We built a model router that plugs into coding agents (e.g. Claude Code, Codex, Cursor, etc.) and intelligently sends requests to the best model to serve them. Here's a quick demo of running it locally: https://youtu.be/isKhAyivtfM

At Weave, we write ~all our code with AI, and it's been getting more expensive. This came to a head when Opus 4.7 was released and, thanks to its tokenizer changes, our costs shot up. We knew we didn't need Opus for everything but we didn't want to lose out on the intelligence for the cases where you really need it. So we decided to build a model router to handle this for us.

The Weave Router acts as an Anthropic/OpenAI endpoint specifically for coding agents. It looks at every inference request and intelligently (more on that in a sec) decides what model to send it to, handling all the translations required along the way. So it can use faster/cheaper models (e.g. DeepSeek v4, GLM 5.2, Kimi K2.6) when possible, and frontier models (Opus 4.8 & GPT 5.5 (& Fable whenever it's back)) when necessary.

How do we know what model to route to? We trained an RL model on tens of thousands (so far!) of agent traces. We reward the routing model when it selects an LLM that successfully completes the given task.

Here's an example: if you ask the router to plan a complex change, it will (probably) route that request to Opus 4.8. Subagents exploring the codebase to gather context will be routed to more suitable models (e.g. DeepSeek V4 Flash). Then when you have the plan ready to implement, it will be (most likely) be handed to a quicker model (e.g. GLM 5.2) to carry it out.

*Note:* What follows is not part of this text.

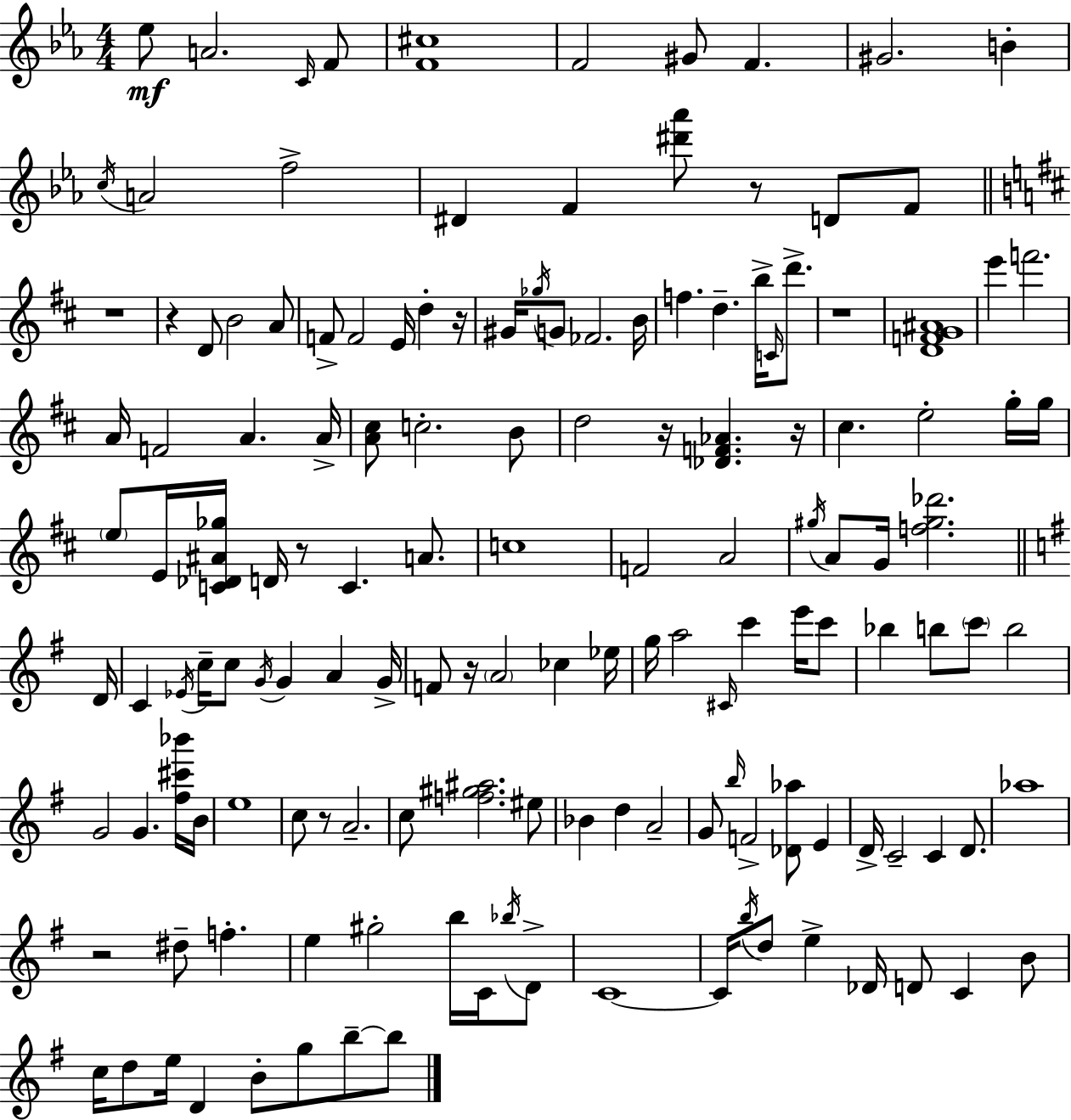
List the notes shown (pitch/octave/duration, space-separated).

Eb5/e A4/h. C4/s F4/e [F4,C#5]/w F4/h G#4/e F4/q. G#4/h. B4/q C5/s A4/h F5/h D#4/q F4/q [D#6,Ab6]/e R/e D4/e F4/e R/w R/q D4/e B4/h A4/e F4/e F4/h E4/s D5/q R/s G#4/s Gb5/s G4/e FES4/h. B4/s F5/q. D5/q. B5/s C4/s D6/e. R/w [D4,F4,G4,A#4]/w E6/q F6/h. A4/s F4/h A4/q. A4/s [A4,C#5]/e C5/h. B4/e D5/h R/s [Db4,F4,Ab4]/q. R/s C#5/q. E5/h G5/s G5/s E5/e E4/s [C4,Db4,A#4,Gb5]/s D4/s R/e C4/q. A4/e. C5/w F4/h A4/h G#5/s A4/e G4/s [F5,G#5,Db6]/h. D4/s C4/q Eb4/s C5/s C5/e G4/s G4/q A4/q G4/s F4/e R/s A4/h CES5/q Eb5/s G5/s A5/h C#4/s C6/q E6/s C6/e Bb5/q B5/e C6/e B5/h G4/h G4/q. [F#5,C#6,Bb6]/s B4/s E5/w C5/e R/e A4/h. C5/e [F5,G#5,A#5]/h. EIS5/e Bb4/q D5/q A4/h G4/e B5/s F4/h [Db4,Ab5]/e E4/q D4/s C4/h C4/q D4/e. Ab5/w R/h D#5/e F5/q. E5/q G#5/h B5/s C4/s Bb5/s D4/e C4/w C4/s B5/s D5/e E5/q Db4/s D4/e C4/q B4/e C5/s D5/e E5/s D4/q B4/e G5/e B5/e B5/e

We've been using this internally for the last month or so. We've saved 40% on tokens vs. what we otherwise would have paid, with no noticeable differences in quality or velocity.

The router is source-available under Elastic License 2.0, so you can self-host it. Or if you prefer, you can also use our hosted version: weaverouter.com.

I'll be here to answer any questions you may have!